Exercise goal => Begin your copy at the line with "IHC-P: Vinculin antibody" in the records below and end it at the line with "Clostridium perfringens phospholipase", restating each line word for word; omit the pictures.

Source material =>
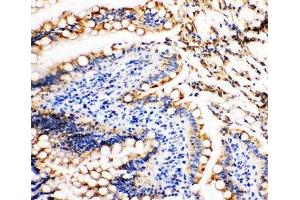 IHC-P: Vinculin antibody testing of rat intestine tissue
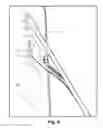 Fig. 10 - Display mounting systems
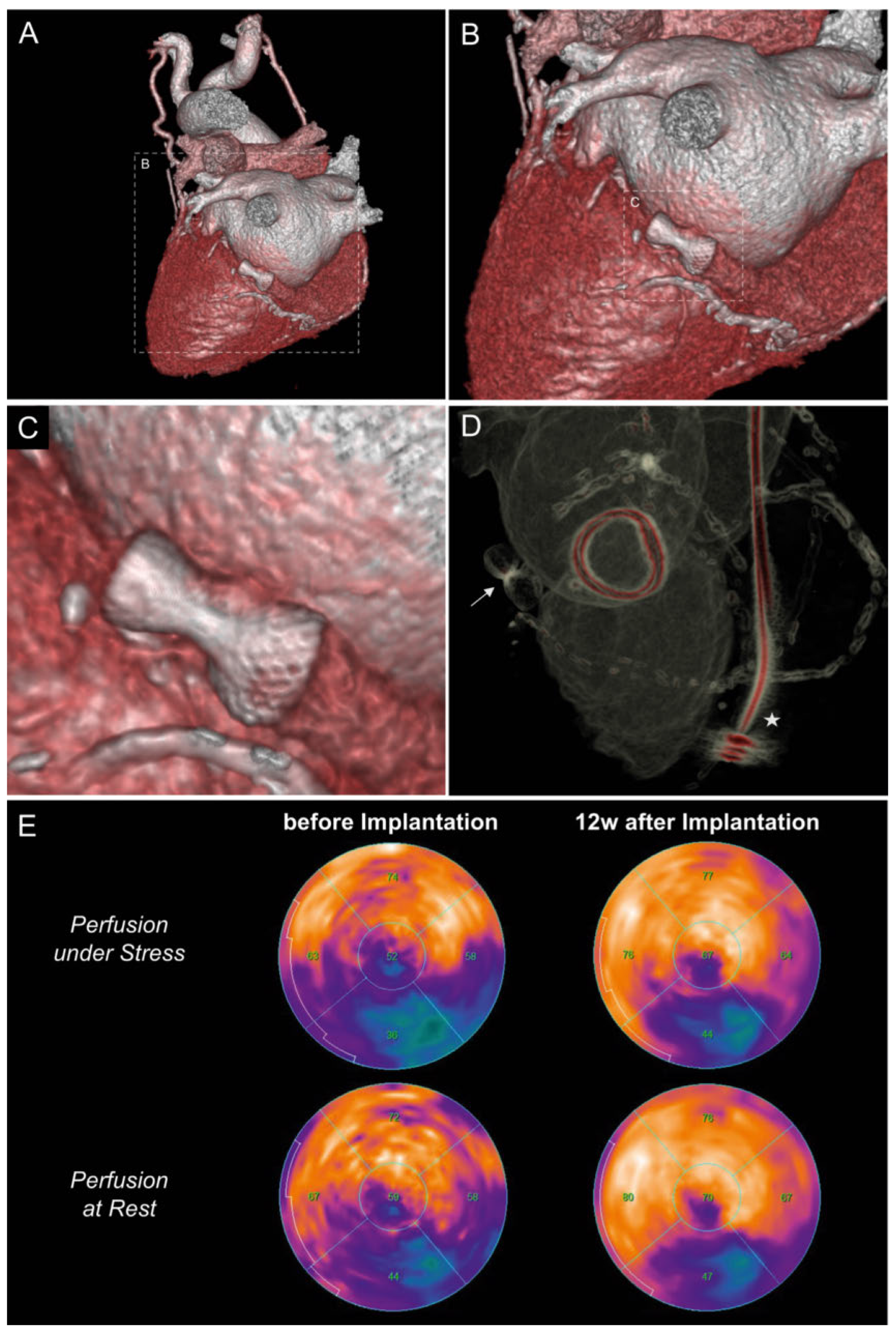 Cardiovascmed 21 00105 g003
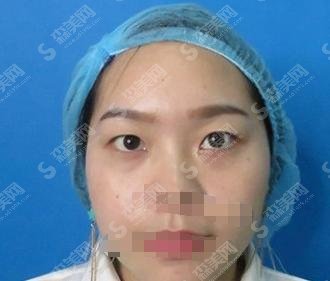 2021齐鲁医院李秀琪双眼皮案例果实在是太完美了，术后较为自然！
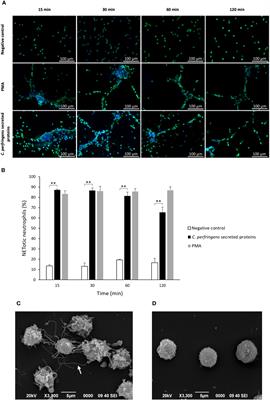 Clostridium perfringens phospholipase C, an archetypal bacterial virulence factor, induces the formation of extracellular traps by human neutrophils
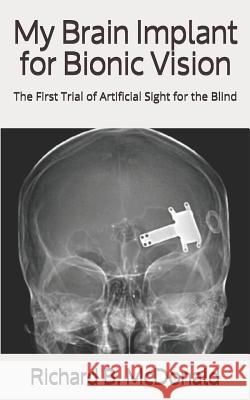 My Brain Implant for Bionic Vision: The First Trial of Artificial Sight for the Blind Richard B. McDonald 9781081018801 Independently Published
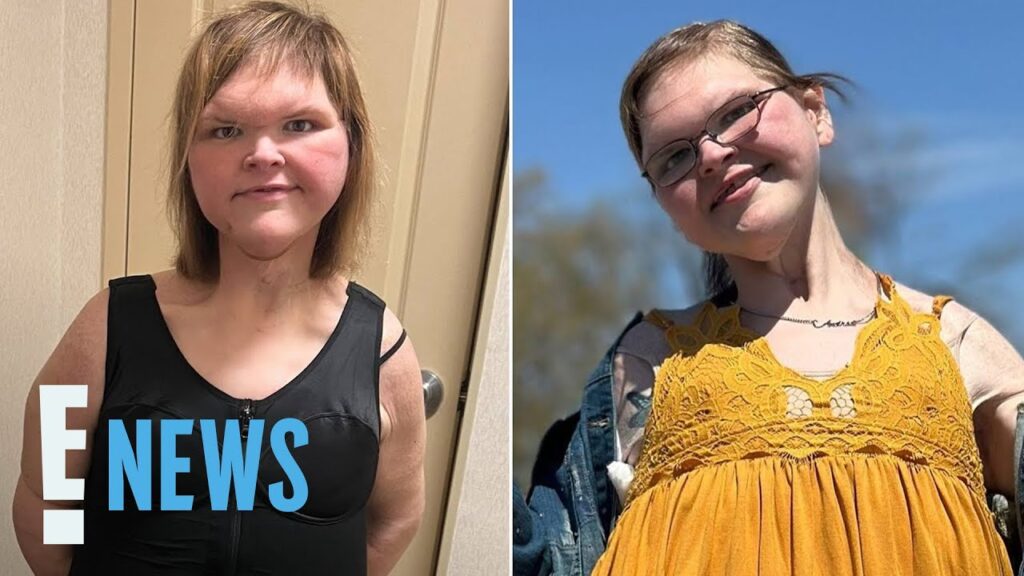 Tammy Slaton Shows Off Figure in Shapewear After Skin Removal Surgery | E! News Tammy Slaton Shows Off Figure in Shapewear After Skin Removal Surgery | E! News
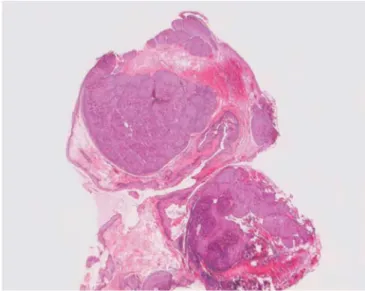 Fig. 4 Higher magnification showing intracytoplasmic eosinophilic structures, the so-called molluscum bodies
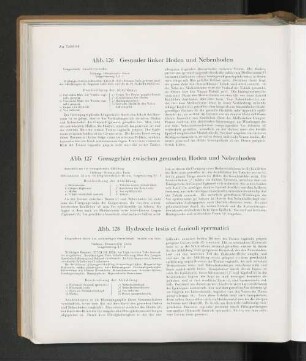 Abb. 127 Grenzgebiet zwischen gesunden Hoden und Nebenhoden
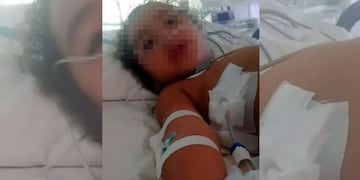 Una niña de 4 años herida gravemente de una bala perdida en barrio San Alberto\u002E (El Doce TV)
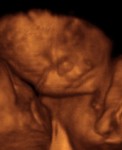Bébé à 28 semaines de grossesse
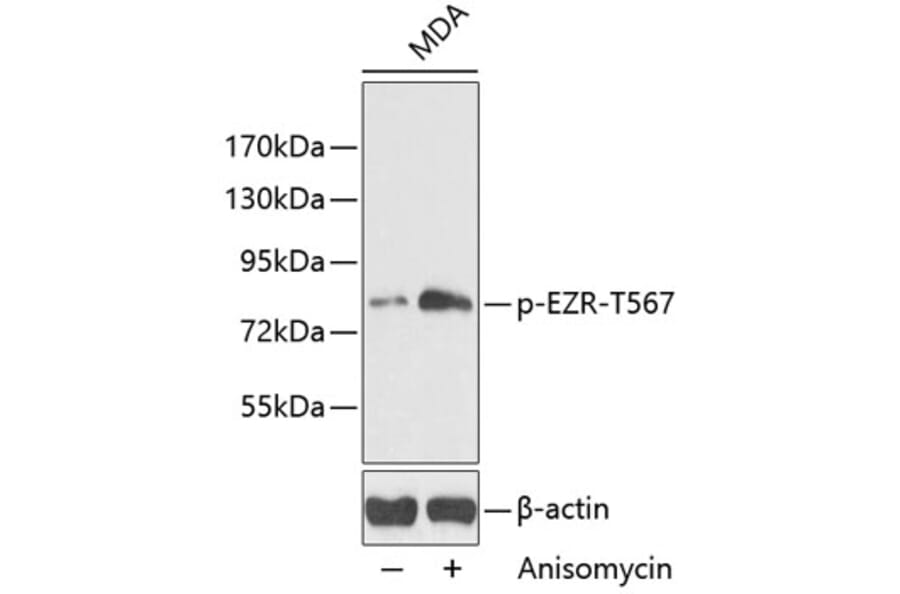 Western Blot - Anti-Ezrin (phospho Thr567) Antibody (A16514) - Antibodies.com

...

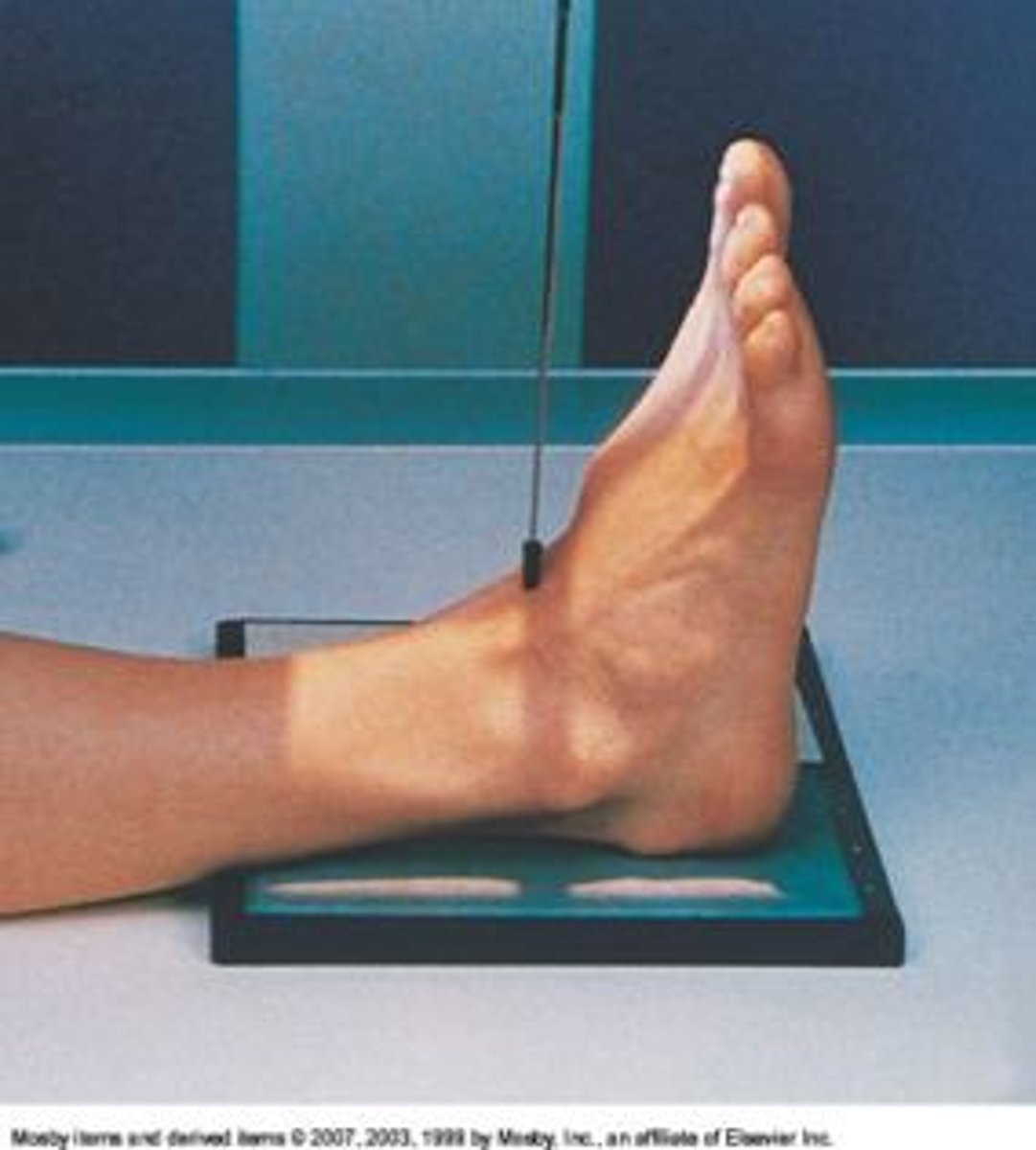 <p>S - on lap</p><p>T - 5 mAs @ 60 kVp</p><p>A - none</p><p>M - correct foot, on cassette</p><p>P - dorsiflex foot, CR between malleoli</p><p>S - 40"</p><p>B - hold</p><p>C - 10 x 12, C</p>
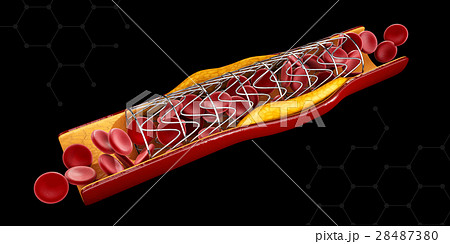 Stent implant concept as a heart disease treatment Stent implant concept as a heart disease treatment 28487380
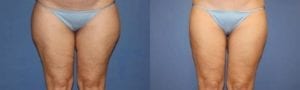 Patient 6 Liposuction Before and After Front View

...

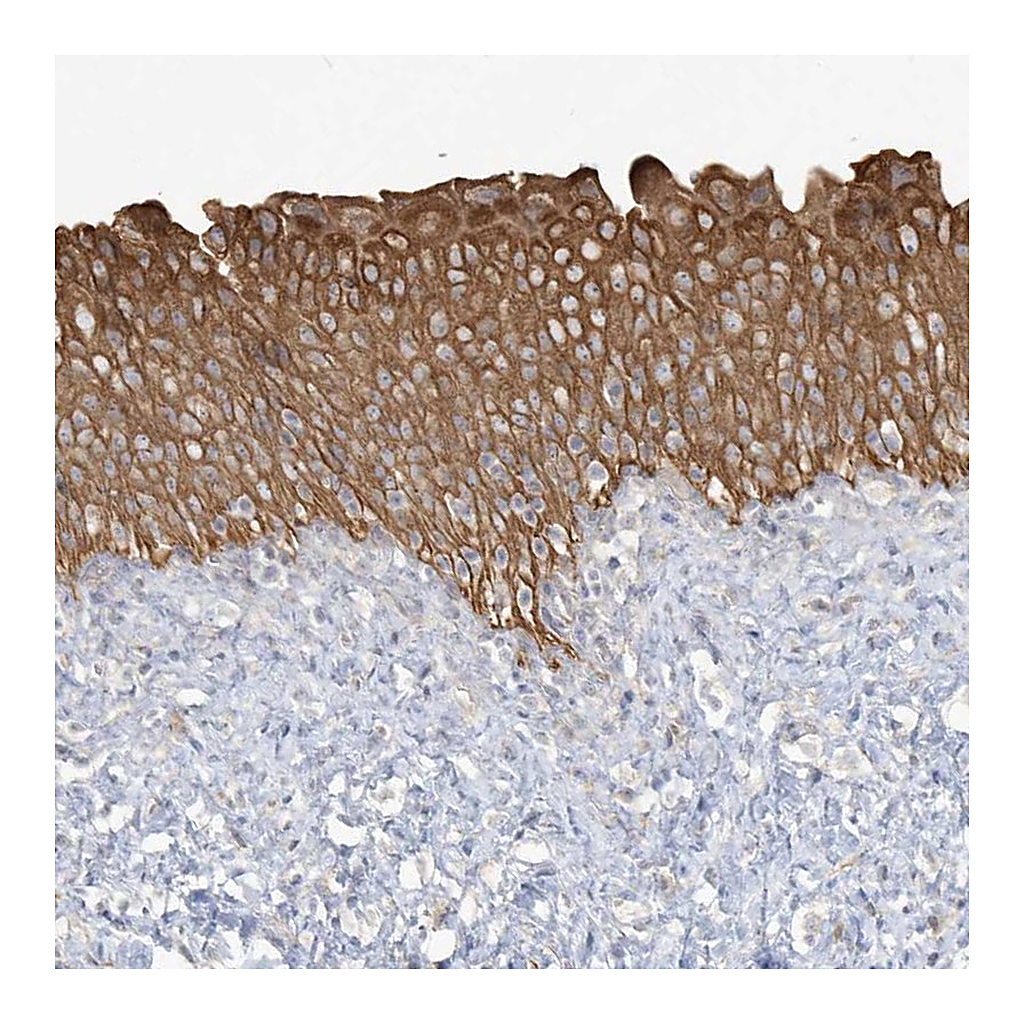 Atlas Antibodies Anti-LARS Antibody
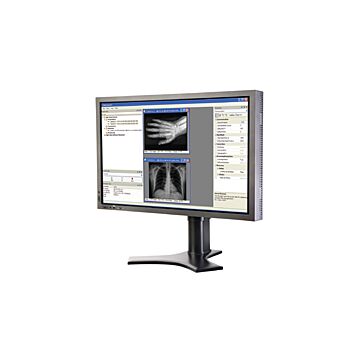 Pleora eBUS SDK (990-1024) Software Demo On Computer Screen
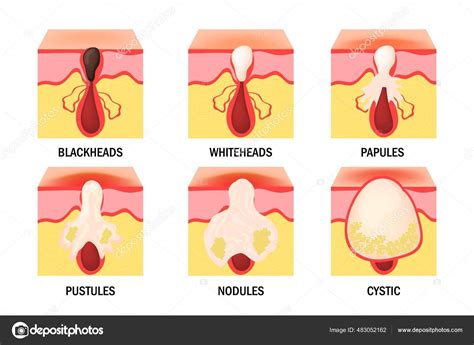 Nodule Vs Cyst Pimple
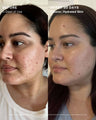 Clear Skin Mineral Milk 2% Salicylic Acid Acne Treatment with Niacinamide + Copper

Task response =>
 IHC-P: Vinculin antibody testing of rat intestine tissue
 Fig. 10 - Display mounting systems
 Cardiovascmed 21 00105 g003
 2021齐鲁医院李秀琪双眼皮案例果实在是太完美了，术后较为自然！
 Clostridium perfringens phospholipase C, an archetypal bacterial virulence factor, induces the formation of extracellular traps by human neutrophils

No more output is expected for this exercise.